Kommentar von Klaus Hillenbrand

Das Gedenken an die Opfer des Nationalsozialismus ist kein sehr altes Ritual. Erinnern heißt auch, alle Verbrechen der Nazis genau zu betrachten.

Ein polnischer Auschwitz-Überlebender am Montag. Bild: reuters

I n einer Gesellschaft fest verankerte Bekenntnisse mit sich wiederholendem Inhalt nennt man Rituale. Mancher mag Rituale mit Langeweile verbinden. Aber gewisse Rituale sind notwendig, denn mit ihnen versichern sich die Bürger eines Landes ihrer gemeinsamen Geschichte und der daraus erwachsenden Verpflichtungen. Das Gedenken an die Schoah am 27. Januar jeden Jahres ist so ein Ritual. Es geht dabei weniger um einen Erkenntnisgewinn, es geht nicht um neue Argumente, sondern vor allem darum, deutlich zu machen, dass die von Deutschen begangenen Verbrechen niemals vergessen werden dürfen.

Dabei sei hier daran erinnert, dass das Gedenken an die Opfer des Nationalsozialismus kein sehr altes Ritual ist. Erst 1996 bequemte sich die Bundesrepublik dazu, den Tag der Eroberung des Vernichtungslagers Auschwitz durch die Rote Armee besonders zu begehen. Das spricht nicht eben für ein angemessenes Gedenken zu Zeiten, als die meisten Täter noch am Leben waren.

Bisher stand im Mittelpunkt dieses Tages der Holocaust. Jüdische Überlebende sprachen im Bundestag von der Zeit der Verfolgung, von den Tätern und von ihrer Rettung. In diesem Jahr redete zum ersten Mal mit dem Schriftsteller Daniil Granin ein russischer Überlebender. Er erinnerte an ein Kriegsverbrechen, das in Deutschland kaum noch präsent ist: die Belagerung Leningrads von 1941 bis 1943, die mehr als einer Million Menschen das Leben kostete. Die Täter waren ganz normale Soldaten.

An das damals Geschehene zu erinnern ist überfällig. Denn der von den Nazis begonnene Eroberungskrieg gegen die Sowjetunion droht heute, anders als die Schoah, tatsächlich in Vergessenheit zu geraten. Erinnern heißt freilich auch, jedes dieser Verbrechen genau zu betrachten. Mit den Juden wollten die Nazis ein ganzes Volk und eine gesamte Religion vernichten. Deshalb ist es richtig, von der Einzigartigkeit des Holocausts zu sprechen. Ähnliches planten sie mit Sinti und Roma. Die Russen sollten zum Teil umgebracht, zum Teil als künftige Sklaven gehalten werden. Das macht die Verbrechen an nichtjüdischen Menschen in der Sowjetunion nicht weniger monströs.

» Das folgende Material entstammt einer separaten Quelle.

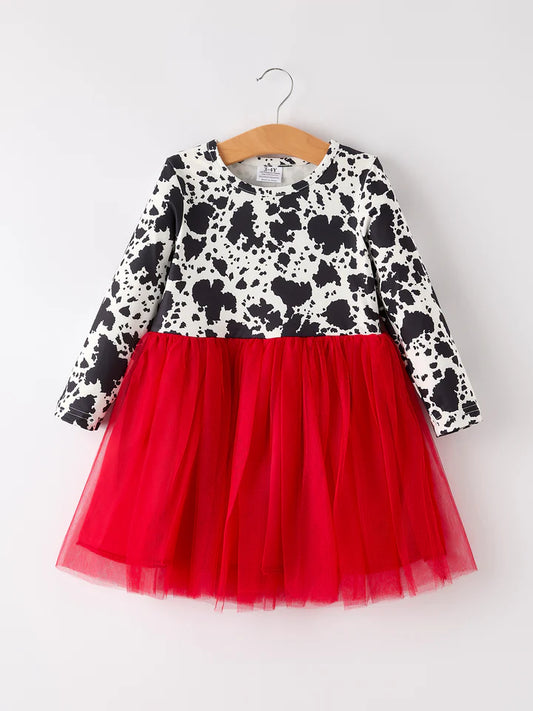 Cow dress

Einige Täter saßen vor 50 Jahren im Parlament

Vor 50 Jahren war es noch unvorstellbar, dass das Parlament der jüdischen Opfer gedachte und dabei die Täter nicht aussparte – einige von ihnen saßen damals im Bundestag. Vor knapp 20 Jahren löste eine Ausstellung über die Verbrechen der Wehrmacht heftige Kritik aus. Vor fünf Jahren gab es in Berlin noch keinen Gedenkort für die Sinti und Roma in Berlin.

Das zeigt zweierlei. Es ist in Deutschland nicht gelungen, eine Erinnerungskultur zu etablieren, solange die Masse der deutschen Täter noch am Leben war. Die andere Erkenntnis lässt hoffen: Wenn 2014 im Deutschen Bundestag ein ehemaliger Sowjetsoldat über sein Leiden und Überleben während der Leningrader Blockade spricht, dann regt sich in der Gesellschaft keine relevant zu nennende Kritik mehr.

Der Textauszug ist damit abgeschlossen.